I train the dataset PRW ,and test the trained model ,but it takes error .when i test the pretrained model you provided,it tests successfully.Maybe you can help me ? (open-mmlab) goo@goo-Z390-GAMING-X:~/yx/AlignPS$ sh run_test_prw.sh loading annotations into memory... Done (t=0.07s) creating index... index created! /home/goo/anaconda3/envs/open-mmlab/lib/python3.7/site-packages/mmcv/cnn/bricks/conv_module.py:100: UserWarning: ConvModule has norm and bias at the same time warnings.warn('ConvModule has norm and bias at the same time') [ ] 0/6112, elapsed: 0s, ETA:/home/goo/anaconda3/envs/open-mmlab/lib/python3.7/site-packages/torch/nn/functional.py:2952: UserWarning: nn.functional.upsample is deprecated. Use nn.functional.interpolate instead. warnings.warn("nn.functional.upsample is deprecated. Use nn.functional.interpolate instead.") /home/goo/anaconda3/envs/open-mmlab/lib/python3.7/site-packages/torch/nn/functional.py:3063: UserWarning: Default upsampling behavior when mode=bilinear is changed to align_corners=False since 0.4.0. Please specify align_corners=True if the old behavior is desired. See the documentation of nn.Upsample for details. "See the documentation of nn.Upsample for details.".format(mode)) /home/goo/yx/AlignPS/mmdet/core/post_processing/bbox_nms_reid.py:55: UserWarning: This overload of nonzero is deprecated: nonzero() Consider using one of the following signatures instead: nonzero(*, bool as_tuple) (Triggered internally at /opt/conda/conda-bld/pytorch_1603729006826/work/torch/csrc/utils/python_arg_parser.cpp:882.) labels = valid_mask.nonzero()[:, 1] [>>>>>>>>>>>>>>>>>>>>>>>>>>>] 6112/6112, 15.0 task/s, elapsed: 406s, ETA: 0s writing results to work_dirs/prw_base_focal_labelnorm_sub_ldcn_fg15_wd1-3/results_1000.pkl

Traceback (most recent call last): File "./tools/test_results_prw.py", line 313, in main(det_thresh=0.15, input_path=sys.argv[1]) File "./tools/test_results_prw.py", line 144, in main feat = normalize(det[0][:, 5:], axis=1) File "/home/goo/anaconda3/envs/open-mmlab/lib/python3.7/site-packages/sklearn/utils/validation.py", line 63, in inner_f return f(*args, *kwargs) File "/home/goo/anaconda3/envs/open-mmlab/lib/python3.7/site-packages/sklearn/preprocessing/_data.py", line 1905, in normalize estimator='the normalize function', dtype=FLOAT_DTYPES) File "/home/goo/anaconda3/envs/open-mmlab/lib/python3.7/site-packages/sklearn/utils/validation.py", line 63, in inner_f return f(args, **kwargs) File "/home/goo/anaconda3/envs/open-mmlab/lib/python3.7/site-packages/sklearn/utils/validation.py", line 672, in check_array context)) ValueError: Found array with 0 sample(s) (shape=(0, 256)) while a minimum of 1 is required by the normalize function.

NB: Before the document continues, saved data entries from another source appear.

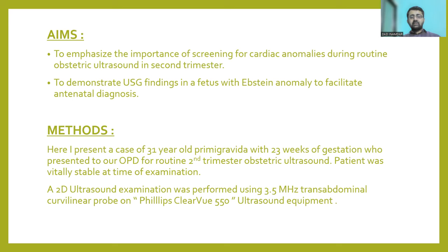I present a case of a 31-year-old primigravida with 23 weeks of gestation who presented to our OPD for routine second trimester obstetric ultrasound scan, also known as the level 2 anomaly scan. The patient was vitally stable at the time of examination. A 2D ultrasound examination was performed using a 3.5 MHz transabdominal curvilinear probe on the Philips Clearview 550 ultrasound equipment at our institution.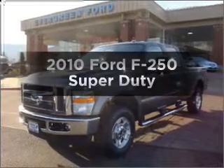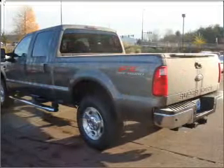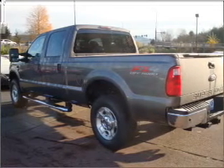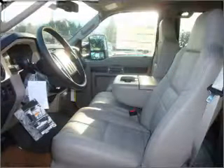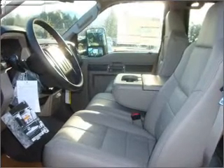Imagine yourself in this 2010 Ford F-250. This is the set of wheels you've been looking for, with a powerful 8-cylinder engine that responds smoothly to its 5-speed automatic transmission. Call today to schedule a test drive.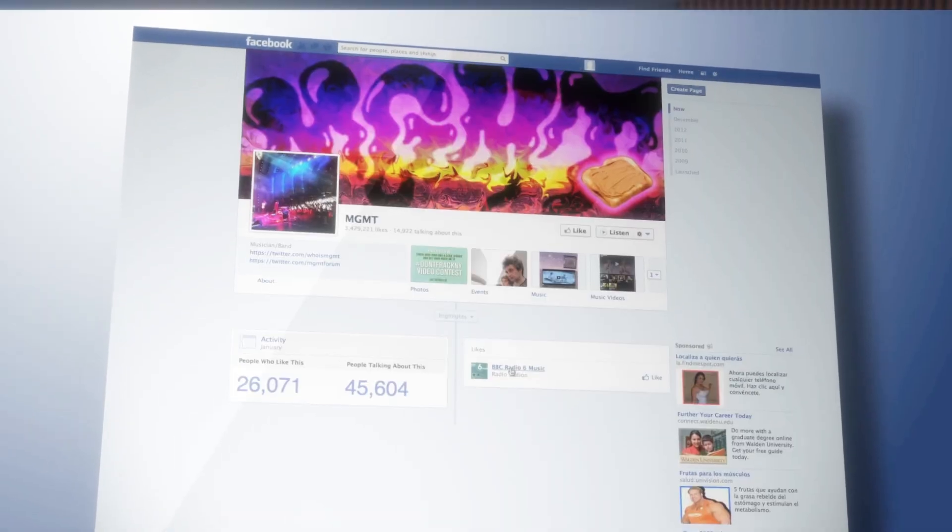Whether you're designing for social media, creating a blog, or dreaming of video and infographic storytelling, this program has tools for you.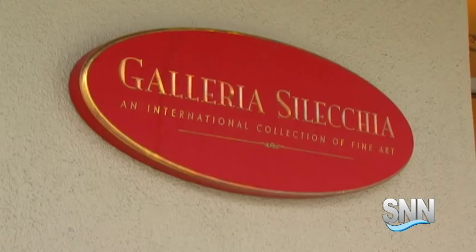Time now for Nancy O'Neill and the Suncoast Art Gallery Guide. Nancy is the manager for Ringling College of Art and Design Made by Gallery.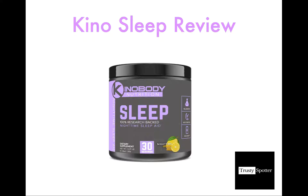Hey, my name is Evan. I'm the author behind the health and fitness blog TrustySpotter, and I'm here to give you my 100% honest review of the KenoBody sleep supplement, KenoSleep.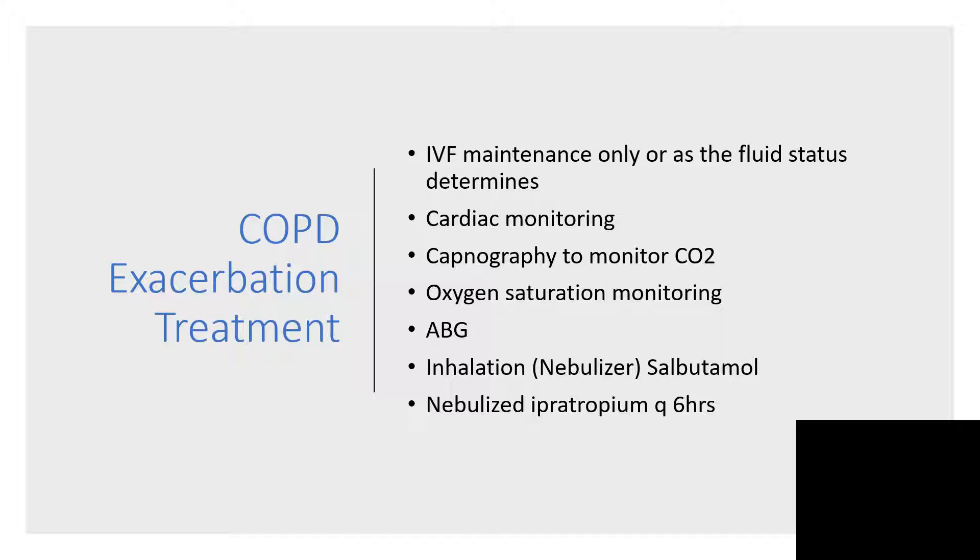Oxygen saturation monitoring to keep it at 88 to 92 percent, and arterial blood gases to determine whether we are dealing with respiratory acidosis from CO2 retention and what is happening to the metabolic panel as well. Salbutamol nebulization will be good here, and ipratropium — most of the time they are combined together, as in Combivent.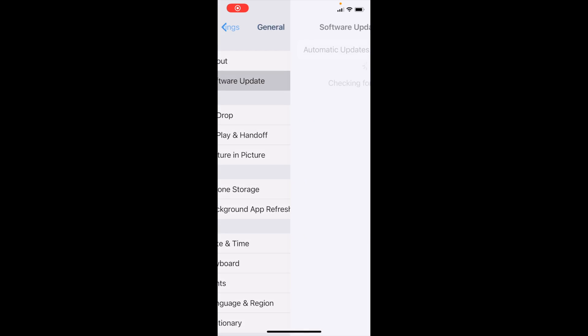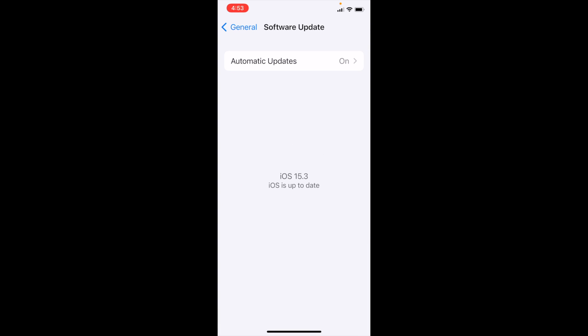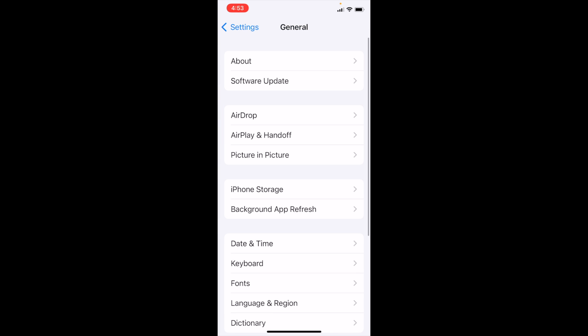Hey guys, welcome back to another video. Here is a quick update regarding the performance of the iOS 15 update for iPhone XS. A couple of things have been improved: battery time is slightly better and smoothness has increased.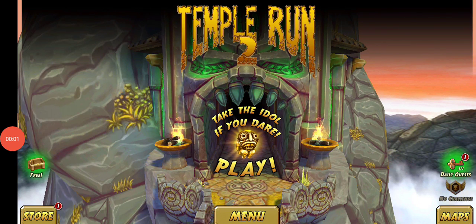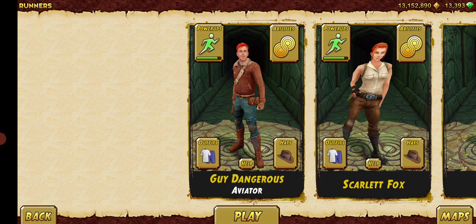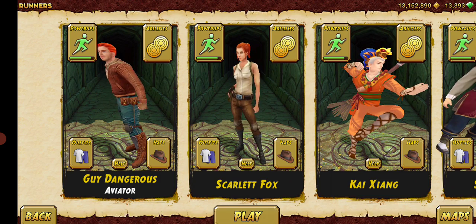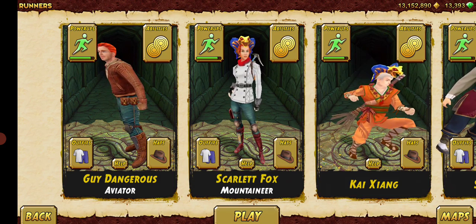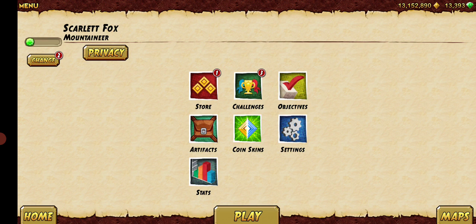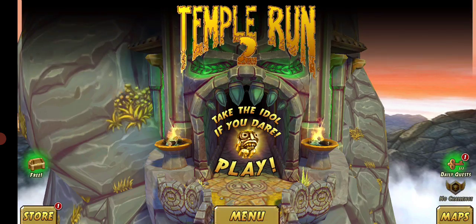Hi guys, what's up? It's RunDroid Gamer again, welcome to my brand new video. Today I'm gonna play Temple Run. If you like this video, don't forget to like, share, comment and subscribe to my YouTube channel, and also like and follow my Facebook page. Okay, let's go!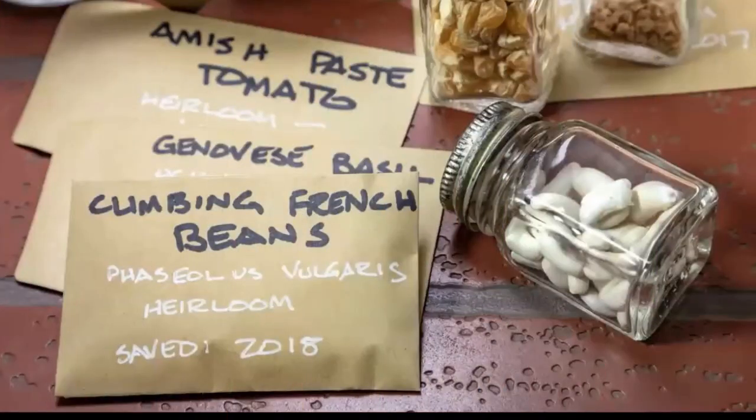Let's say you've purchased some seeds, saved some yourself, or a neighbor gave some seeds to you — maybe tomatoes they grew last year. You're really anxious to plant and get started on the growing season, right? But before you plant one seed, pause and take a moment to consider the seed itself.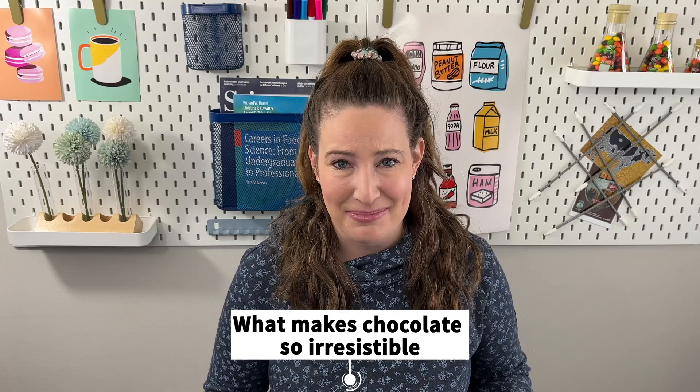If you enjoyed this video, next I recommend checking out What Makes Chocolate So Irresistible?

daodaofr commented 3 years ago

It seems some of your detection results are empty. Could you please check the detection results in results_1000.pkl?

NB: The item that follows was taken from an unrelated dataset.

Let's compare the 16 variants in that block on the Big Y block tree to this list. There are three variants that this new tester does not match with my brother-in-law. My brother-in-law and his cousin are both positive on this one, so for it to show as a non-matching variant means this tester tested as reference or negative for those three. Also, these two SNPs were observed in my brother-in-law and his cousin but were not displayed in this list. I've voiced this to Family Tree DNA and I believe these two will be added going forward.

I also add a judgment here: https://github.com/daodaofr/AlignPS/blob/c20cf329b2934a8693e2064435d3e3f65c496095/tools/test_results_prw.py#L144

You may try it.

jiabeiwangTJU commented 3 years ago

I also got the similar problem, and mmcv=1.1.5, pytorch=1.7.0 are correct, but I don't know why.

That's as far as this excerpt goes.